Well, I’m happy to oblige and tell you the way it is. The bottom line is your goals and values are not aligned. You bought the image of who he wanted you to believe he was. So, again, this is why you date somebody, because people can hide who they are for the first ninety days and you kind of blew past that rule, moved in and then he disappeared for four months. And then, like I said, when he came back, he felt comfortable being who he really was, and he felt no inhibitions to that.

Photo by iStock.com/alphaspirit

It’s understandable from your perspective why you’re like, “Who is this dude?” because he changed, as far as you’re concerned, but he was putting on an act. Everybody puts on an act. They put their best foot forward, they give you an image of who they want you to buy they are. And then once they figure that you get hooked and you really know who they are, they tell you about all the skeletons in the closet and figure that you’ll just love them for who they are and put up with it. So, it’s a painful lesson.

It sucks, but men do it all the time as well. They move in with girls and they find out she’s a train wreck, cheated on every guy she’s ever been with, she’s still flirting with other dudes. I mean, it happens. This is why, like Rumi said, “Slow and steady, like the river that never grows stale. No hurry, no rush,” especially stuff like this. You can’t hurry love, just like this old song goes. You just have to wait. So, you’ve got to take your time.

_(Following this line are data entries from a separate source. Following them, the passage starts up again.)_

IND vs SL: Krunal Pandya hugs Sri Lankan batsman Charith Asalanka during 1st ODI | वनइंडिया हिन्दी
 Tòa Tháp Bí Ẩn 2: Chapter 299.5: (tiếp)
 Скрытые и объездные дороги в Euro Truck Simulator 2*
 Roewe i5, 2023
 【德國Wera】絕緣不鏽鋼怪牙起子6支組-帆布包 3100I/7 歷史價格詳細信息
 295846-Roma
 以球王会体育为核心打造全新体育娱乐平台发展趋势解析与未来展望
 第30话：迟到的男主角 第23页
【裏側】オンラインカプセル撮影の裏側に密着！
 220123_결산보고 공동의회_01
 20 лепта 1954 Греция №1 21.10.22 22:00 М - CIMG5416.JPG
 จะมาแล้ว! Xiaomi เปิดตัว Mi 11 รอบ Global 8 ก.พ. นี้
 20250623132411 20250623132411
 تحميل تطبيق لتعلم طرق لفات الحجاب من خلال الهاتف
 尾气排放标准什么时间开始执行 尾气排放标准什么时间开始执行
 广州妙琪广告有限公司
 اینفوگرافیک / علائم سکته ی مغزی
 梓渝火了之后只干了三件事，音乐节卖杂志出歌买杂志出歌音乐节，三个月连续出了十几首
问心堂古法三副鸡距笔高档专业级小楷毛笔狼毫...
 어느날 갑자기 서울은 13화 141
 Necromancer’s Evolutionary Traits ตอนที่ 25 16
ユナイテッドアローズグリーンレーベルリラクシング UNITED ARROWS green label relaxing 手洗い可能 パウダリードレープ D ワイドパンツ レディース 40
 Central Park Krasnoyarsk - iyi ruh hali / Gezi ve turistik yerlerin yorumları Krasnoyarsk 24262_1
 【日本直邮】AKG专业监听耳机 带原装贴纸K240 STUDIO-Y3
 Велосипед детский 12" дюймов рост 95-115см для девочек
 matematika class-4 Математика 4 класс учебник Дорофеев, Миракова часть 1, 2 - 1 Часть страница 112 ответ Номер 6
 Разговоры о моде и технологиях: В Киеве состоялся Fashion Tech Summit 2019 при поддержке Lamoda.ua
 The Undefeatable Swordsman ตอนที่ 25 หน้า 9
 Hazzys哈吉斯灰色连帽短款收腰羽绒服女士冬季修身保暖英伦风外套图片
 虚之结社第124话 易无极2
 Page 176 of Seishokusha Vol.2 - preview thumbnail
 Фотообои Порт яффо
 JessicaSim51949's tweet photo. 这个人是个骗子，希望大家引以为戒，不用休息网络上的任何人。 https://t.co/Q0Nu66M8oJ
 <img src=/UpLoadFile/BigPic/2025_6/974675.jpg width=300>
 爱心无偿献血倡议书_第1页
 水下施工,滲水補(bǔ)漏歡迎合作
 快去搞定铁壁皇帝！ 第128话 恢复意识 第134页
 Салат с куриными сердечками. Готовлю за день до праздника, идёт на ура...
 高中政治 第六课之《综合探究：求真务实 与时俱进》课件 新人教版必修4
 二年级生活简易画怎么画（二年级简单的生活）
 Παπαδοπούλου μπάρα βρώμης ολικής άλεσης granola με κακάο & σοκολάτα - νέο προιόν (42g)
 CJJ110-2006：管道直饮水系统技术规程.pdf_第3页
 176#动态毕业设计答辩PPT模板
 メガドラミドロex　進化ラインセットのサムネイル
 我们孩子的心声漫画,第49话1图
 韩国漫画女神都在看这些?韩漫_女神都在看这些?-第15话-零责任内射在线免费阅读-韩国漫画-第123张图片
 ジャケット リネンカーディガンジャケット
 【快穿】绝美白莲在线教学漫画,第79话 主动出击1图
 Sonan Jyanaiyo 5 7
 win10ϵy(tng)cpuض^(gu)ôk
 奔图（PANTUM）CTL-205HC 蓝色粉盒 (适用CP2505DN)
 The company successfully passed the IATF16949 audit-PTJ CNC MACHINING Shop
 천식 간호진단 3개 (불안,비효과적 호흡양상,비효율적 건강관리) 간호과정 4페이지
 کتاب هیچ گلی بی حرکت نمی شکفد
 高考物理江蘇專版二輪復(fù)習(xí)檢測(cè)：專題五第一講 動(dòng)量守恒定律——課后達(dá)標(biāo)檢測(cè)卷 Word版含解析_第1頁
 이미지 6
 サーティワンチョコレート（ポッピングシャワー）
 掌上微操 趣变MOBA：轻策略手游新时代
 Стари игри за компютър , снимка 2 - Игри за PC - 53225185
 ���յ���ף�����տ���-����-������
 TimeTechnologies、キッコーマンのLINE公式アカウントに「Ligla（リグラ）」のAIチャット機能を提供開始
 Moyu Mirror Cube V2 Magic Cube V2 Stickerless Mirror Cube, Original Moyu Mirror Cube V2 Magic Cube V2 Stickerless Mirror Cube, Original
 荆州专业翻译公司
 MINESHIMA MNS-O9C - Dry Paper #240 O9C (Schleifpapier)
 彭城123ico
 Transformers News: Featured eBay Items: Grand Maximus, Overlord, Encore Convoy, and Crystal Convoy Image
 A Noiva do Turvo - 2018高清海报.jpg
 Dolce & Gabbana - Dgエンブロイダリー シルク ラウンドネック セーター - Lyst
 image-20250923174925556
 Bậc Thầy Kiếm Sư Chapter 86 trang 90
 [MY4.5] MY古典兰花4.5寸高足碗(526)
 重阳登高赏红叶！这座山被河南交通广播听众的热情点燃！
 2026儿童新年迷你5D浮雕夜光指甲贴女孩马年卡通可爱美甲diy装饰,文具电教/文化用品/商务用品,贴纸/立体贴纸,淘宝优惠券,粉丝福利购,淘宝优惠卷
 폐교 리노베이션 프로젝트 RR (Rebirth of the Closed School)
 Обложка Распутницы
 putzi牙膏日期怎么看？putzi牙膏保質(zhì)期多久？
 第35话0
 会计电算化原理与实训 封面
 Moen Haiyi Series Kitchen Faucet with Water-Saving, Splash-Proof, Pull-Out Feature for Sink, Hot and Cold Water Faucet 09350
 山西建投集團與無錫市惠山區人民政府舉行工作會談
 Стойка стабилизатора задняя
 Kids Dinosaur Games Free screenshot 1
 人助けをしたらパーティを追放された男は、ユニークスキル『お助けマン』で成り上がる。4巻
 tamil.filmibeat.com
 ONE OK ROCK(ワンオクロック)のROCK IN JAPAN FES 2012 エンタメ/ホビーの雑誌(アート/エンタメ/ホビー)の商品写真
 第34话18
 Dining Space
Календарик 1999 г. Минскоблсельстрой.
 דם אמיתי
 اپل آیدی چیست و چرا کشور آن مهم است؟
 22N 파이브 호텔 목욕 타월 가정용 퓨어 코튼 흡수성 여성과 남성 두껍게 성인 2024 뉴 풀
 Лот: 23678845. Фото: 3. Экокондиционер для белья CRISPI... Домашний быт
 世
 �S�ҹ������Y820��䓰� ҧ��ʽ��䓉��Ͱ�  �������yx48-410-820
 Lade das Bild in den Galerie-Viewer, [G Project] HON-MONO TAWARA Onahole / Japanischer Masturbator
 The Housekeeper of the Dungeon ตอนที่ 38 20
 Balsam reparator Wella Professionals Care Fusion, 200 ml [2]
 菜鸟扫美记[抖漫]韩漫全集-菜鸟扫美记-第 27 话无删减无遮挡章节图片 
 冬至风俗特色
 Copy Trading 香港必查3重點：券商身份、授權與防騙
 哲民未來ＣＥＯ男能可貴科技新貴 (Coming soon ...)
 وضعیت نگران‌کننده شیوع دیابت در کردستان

You know, ideally a year or two of dating and really getting to know each other, each other’s families, because also, if you’re going to get married, or live together and have a family, whether you get married or not, you’re going to be intertwined with each other’s families. And so, you’ve got to figure out, “Do I even like their family? Do I like hanging out with them? Do I see myself hanging out with them?”

And vice versa, “Does my family like them?” You should be saying, “Mom, Dad, you guys are right. I love you. I should have listened to you. I got my humble pie.” So, now you see the guy for what he is.

Again, this is why you date, you test drive. Obviously, you kind of did an extended test drive. But the reality is, it doesn’t sound like your goals and values are aligned, unless you change it up and you decide you want to give him what he wants. But he doesn’t sound like he’s the type of guy that’s going to be with one woman forever. So, that’s reality.

Photo by iStock.com/RealPeopleGroup

You look at his actions. You know, maybe he needs another ten years of sowing his oats. Maybe that’s the way he’s going to be. You have to make sure that your goals are values are aligned. And from what you shared, they’re not. It’s not your fault, but you know, you learned a valuable lesson. So, next time around, “do betterer.” Don’t make the same mistake. Take your time.

So, if you’ve got a question or a challenge in your personal or professional life, go to UnderstandingRelationships.com, click the Products tab at the top of your screen and book coaching session with yours truly.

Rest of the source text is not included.